They said they’d exist for three years, then split. And that’s what the British punks did, winning love and notoriety for their feminist, queer worldview. Thirty years on, a new book tells their story

‘You should be able to heckle if there’s something sexist on live TV.” In the staff room at the Lloyd Park Children’s Charity in Walthamstow, where he has worked for 30-odd years, Huggy Bear’s guitarist/vocalist Chris Rowley is reflecting on his band’s appearance on a 1993 episode of post-pub Channel 4 show The Word.
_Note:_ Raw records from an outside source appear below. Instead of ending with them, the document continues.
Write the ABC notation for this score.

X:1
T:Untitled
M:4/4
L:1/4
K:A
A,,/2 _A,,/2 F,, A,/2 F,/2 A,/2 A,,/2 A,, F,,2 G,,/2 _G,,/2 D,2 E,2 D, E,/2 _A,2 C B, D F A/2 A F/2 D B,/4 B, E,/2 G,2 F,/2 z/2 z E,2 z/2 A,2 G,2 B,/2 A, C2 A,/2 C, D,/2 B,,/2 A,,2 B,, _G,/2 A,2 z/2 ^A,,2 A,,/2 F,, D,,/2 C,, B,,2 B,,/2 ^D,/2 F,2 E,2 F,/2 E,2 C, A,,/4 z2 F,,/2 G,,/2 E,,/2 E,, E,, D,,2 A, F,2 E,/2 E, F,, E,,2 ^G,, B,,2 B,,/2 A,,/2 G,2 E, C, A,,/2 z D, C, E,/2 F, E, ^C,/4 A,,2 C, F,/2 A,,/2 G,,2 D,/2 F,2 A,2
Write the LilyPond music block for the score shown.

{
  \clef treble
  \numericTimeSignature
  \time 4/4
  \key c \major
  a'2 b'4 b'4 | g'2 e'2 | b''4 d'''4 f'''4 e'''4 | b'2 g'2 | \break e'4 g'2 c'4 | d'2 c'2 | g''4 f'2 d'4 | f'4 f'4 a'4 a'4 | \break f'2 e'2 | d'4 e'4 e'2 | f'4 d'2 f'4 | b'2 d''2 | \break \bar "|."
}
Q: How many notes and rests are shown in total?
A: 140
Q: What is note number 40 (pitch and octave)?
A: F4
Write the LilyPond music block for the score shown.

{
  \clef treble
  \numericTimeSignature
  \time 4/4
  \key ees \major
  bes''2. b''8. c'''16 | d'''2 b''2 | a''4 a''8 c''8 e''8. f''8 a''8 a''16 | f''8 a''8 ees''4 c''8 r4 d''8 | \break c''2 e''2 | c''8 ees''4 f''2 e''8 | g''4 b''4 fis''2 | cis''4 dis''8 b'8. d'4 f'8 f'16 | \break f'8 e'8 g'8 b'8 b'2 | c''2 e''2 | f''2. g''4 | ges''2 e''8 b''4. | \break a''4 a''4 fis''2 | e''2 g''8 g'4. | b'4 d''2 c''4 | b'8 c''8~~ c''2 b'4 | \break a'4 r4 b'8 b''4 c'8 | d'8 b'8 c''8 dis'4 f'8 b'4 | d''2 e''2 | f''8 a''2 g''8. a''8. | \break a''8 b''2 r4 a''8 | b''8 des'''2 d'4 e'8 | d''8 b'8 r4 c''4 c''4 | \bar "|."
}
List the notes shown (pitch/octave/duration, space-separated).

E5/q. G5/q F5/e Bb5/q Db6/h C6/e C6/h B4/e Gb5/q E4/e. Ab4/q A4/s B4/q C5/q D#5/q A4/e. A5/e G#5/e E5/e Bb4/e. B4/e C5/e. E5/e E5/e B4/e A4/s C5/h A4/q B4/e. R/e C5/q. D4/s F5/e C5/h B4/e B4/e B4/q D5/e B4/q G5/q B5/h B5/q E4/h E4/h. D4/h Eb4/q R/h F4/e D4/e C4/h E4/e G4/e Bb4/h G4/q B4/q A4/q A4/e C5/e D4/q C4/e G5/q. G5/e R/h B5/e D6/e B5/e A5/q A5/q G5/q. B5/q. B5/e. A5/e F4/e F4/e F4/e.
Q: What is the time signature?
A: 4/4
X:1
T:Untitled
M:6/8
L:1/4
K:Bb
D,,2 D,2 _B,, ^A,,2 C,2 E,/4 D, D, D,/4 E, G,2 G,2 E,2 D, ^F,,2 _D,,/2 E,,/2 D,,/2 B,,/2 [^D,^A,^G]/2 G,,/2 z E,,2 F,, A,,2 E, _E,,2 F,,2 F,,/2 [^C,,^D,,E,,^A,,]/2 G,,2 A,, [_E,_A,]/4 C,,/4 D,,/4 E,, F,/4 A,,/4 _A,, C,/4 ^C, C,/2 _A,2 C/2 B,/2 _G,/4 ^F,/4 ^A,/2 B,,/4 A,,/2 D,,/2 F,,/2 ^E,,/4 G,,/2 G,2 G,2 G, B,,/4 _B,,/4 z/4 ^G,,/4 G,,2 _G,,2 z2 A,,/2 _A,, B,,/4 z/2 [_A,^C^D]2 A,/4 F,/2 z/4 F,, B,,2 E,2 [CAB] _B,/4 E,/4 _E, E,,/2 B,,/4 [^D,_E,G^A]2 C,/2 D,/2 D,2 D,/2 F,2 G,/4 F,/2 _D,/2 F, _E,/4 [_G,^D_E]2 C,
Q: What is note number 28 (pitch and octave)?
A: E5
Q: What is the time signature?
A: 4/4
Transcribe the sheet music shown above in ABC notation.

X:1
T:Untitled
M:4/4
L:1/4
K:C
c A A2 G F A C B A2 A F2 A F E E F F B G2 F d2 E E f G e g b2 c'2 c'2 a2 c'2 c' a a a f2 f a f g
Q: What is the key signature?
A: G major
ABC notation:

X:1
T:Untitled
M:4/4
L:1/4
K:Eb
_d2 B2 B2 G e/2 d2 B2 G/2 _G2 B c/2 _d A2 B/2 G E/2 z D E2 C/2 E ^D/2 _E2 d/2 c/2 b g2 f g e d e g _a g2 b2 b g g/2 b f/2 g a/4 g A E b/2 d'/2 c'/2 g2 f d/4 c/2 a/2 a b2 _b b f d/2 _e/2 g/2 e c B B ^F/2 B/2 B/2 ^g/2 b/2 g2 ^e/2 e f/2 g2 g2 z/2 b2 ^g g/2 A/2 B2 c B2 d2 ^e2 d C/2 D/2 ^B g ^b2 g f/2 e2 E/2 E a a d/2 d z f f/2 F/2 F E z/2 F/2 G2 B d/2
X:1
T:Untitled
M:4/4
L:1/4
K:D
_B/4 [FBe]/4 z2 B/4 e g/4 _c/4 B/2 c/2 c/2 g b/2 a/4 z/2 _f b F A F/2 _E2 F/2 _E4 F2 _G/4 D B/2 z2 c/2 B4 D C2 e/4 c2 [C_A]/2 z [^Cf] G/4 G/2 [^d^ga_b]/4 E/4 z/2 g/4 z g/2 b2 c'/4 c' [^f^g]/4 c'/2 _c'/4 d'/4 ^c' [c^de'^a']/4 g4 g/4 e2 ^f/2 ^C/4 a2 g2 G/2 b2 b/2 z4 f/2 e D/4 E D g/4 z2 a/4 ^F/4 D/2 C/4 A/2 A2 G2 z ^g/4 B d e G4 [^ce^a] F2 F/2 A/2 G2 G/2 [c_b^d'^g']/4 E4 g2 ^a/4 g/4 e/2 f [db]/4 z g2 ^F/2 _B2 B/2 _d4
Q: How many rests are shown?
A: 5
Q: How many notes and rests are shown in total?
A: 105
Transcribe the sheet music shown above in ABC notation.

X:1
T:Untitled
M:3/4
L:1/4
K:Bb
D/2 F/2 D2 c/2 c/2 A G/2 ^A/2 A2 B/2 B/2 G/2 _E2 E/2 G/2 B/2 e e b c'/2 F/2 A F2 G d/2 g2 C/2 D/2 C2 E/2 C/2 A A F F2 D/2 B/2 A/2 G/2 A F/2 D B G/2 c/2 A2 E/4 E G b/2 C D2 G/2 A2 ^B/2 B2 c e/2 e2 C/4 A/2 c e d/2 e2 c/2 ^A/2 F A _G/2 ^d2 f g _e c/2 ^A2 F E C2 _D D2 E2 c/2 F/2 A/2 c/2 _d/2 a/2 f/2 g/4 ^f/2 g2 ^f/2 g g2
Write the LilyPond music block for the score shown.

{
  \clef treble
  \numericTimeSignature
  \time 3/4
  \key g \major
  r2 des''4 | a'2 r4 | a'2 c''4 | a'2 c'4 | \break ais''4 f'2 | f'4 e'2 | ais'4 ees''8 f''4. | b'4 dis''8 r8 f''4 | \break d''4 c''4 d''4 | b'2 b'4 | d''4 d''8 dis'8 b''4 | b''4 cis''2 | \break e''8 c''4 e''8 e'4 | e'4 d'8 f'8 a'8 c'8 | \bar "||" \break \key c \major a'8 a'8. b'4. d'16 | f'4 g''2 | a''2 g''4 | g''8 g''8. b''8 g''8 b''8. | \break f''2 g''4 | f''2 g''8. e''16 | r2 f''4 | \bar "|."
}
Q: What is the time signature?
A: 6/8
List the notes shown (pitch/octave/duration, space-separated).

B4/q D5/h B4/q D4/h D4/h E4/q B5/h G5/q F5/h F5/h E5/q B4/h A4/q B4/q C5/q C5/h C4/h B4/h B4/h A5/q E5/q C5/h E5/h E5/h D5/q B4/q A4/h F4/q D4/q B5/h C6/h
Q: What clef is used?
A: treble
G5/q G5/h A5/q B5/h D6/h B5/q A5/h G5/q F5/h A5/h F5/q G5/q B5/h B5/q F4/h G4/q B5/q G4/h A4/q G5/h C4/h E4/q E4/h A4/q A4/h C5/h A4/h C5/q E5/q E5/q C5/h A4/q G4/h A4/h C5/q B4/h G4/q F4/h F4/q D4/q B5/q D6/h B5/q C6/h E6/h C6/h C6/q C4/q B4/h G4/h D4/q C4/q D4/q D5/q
Their performance of combustible anthem Her Jazz – three minutes of needling feedback, Cro-Magnon riffing and Niki Eliot’s impassioned howl of “You’re old and out of touch!” – was genuinely anarchic on a Friday night “youth” show that typically passed off stage-managed sensationalism as something more radical.

Then, after a segment on glamour models the Barbi Twins, the group and their entourage – now part of the audience – castigated presenter Terry Christian, with one screaming on live TV that Christian believed “all fucking women are shit”. Cue an abrupt ad break, during which the Huggy Nation were roughly escorted from the studio. “It was scary,” Rowley adds. “We hadn’t intended to create this outrage. But the rabble spoke back.”